II. Death Causes Grief but we grieve with Hope
For believers in Christ, death has a very different significance than it does for those who die un-reconciled with God. Consequently, Paul told the Thessalonians, we do “not grieve as others do who have no hope” (1 Thessalonians 4:13).
Yet we do grieve, even though our grief is eased by our hope of the resurrection of those who die in faith, a resurrection which will complete their transformation into the perfection of God’s image, in body as well as soul. Jesus himself wept at the grave of Lazarus (John 11:35), and he did not rebuke Mary and Martha for their grief at the loss of their brother. He reminded Martha that Lazarus would rise again, and she assured Jesus that she knew and believed this (John 11:24-27), but she had a legitimate sense of loss.
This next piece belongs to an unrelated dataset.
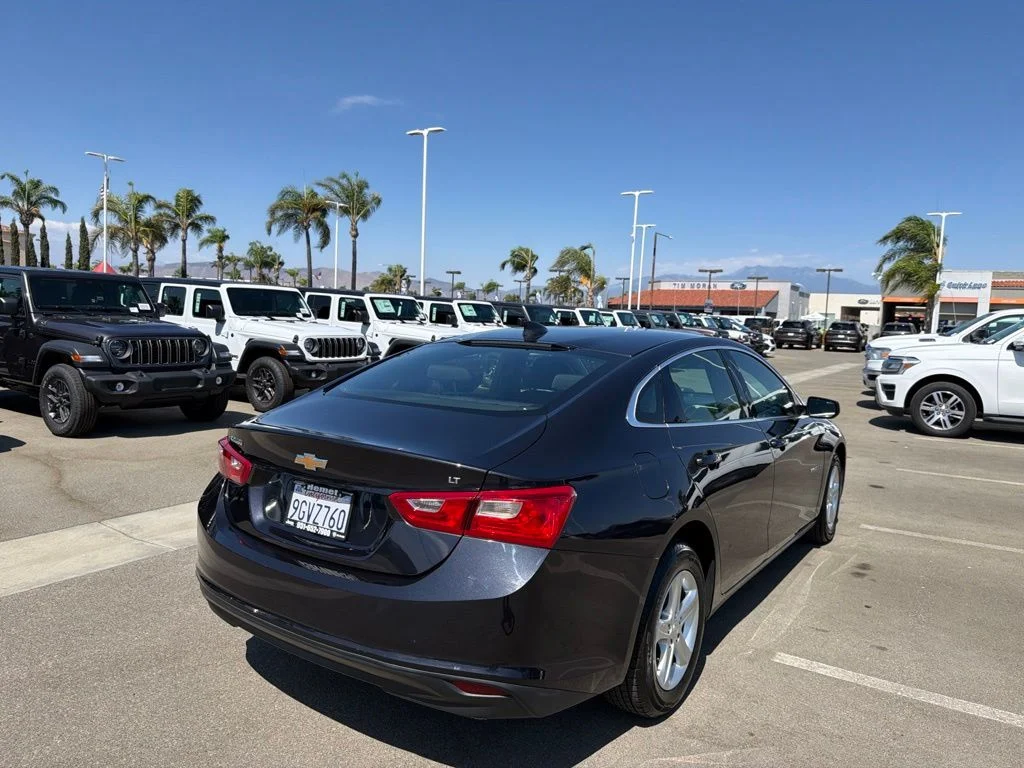 Used 2023 Gray Chevrolet LT image 8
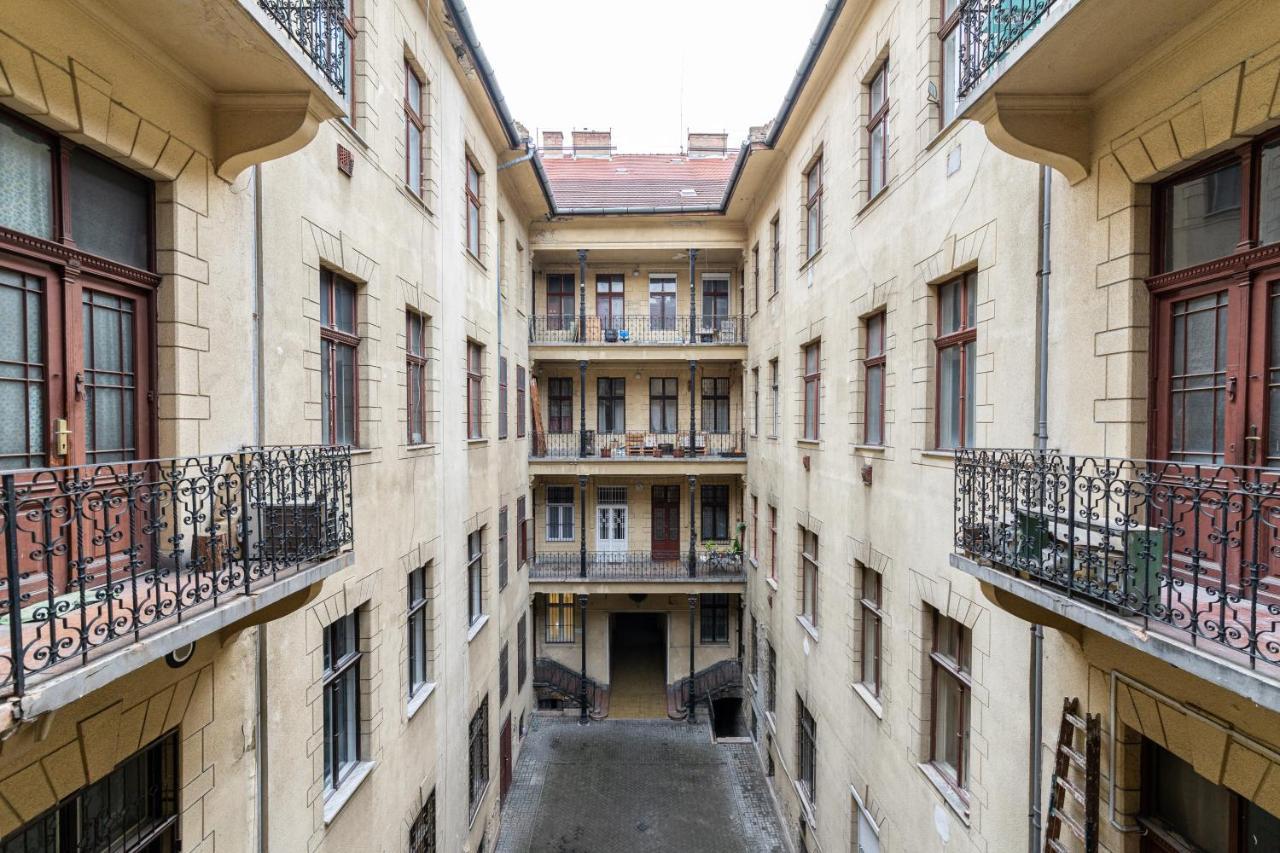 The Right Choice Studio Apartments — Photos 1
When we come to the funeral of a believer in Christ, I think it is right that we should mourn their death. Death is not natural to human being, though it has become a necessary reality of our fallen condition. Death reminds us of sin, and it reminds us that all who die must then face God as their holy Judge (Hebrews 9:27). Death is the end of our opportunity to be reconciled with God, and so it is a very sobering event. So funerals can have a beneficial role in our sanctification. They challenge all of us who are still alive to ponder our own inevitable death, and to prepare ourselves to meet God’s judgment. When we have reason to believe that the one who died was reconciled to God in Christ, we do not grieve hopelessly. The sting has been taken out of their death by Christ’s resurrection.
III. Funerals can be a Time of Reflective Celebration
And so we need not face our own deaths with fear, but the prospect should keep us spiritually wakeful, trusting in the righteousness of Christ on our behalf, and always striving to move forward in obedience, lest we fall away. As we mourn the death of a loved one in Christ, we have hope for their future life, and we can be hopeful of our own life after death as well, when God’s Spirit prompts us to call God “Father.”
Of course, at the funeral of a believer in Christ, we will have cause to give God thanks for his grace in their lives. I am often inspired and encouraged when I attend the funerals of people whose lives have been a blessing because of God’s life within them. There is much to celebrate in such cases, including the knowledge that death in Christ is actually better than continued life in this body (Philippians 1:20-23). But we need to beware of the death denying spirit of our age. When people have no hope of life after death, the life lived by the deceased is all they have to celebrate, and I think that this informs the approach taken in secular funerals. Consequently, we should be critical of this perspective as we plan Christian funerals. Life is a good gift from God, and we have no right to take it away prematurely. We can and should be thankful for the life that God has given to a person who has died, but we should not shrink from acknowledging the tragedy of death, or grieving the loss of our relationship here and now with the one who has died.
Let’s mourn the loss, but grieve with hope. In the meantime, let’s take the opportunity that a funeral provides to review our own lives in light of the awareness of our own impending death. Let us persevere in the obedience of faith, knowing that it is those who stand firm to the end who will be saved (Matthews 24:13), trusting in God to finish in us the good work that he has begun (Philippians 1:6).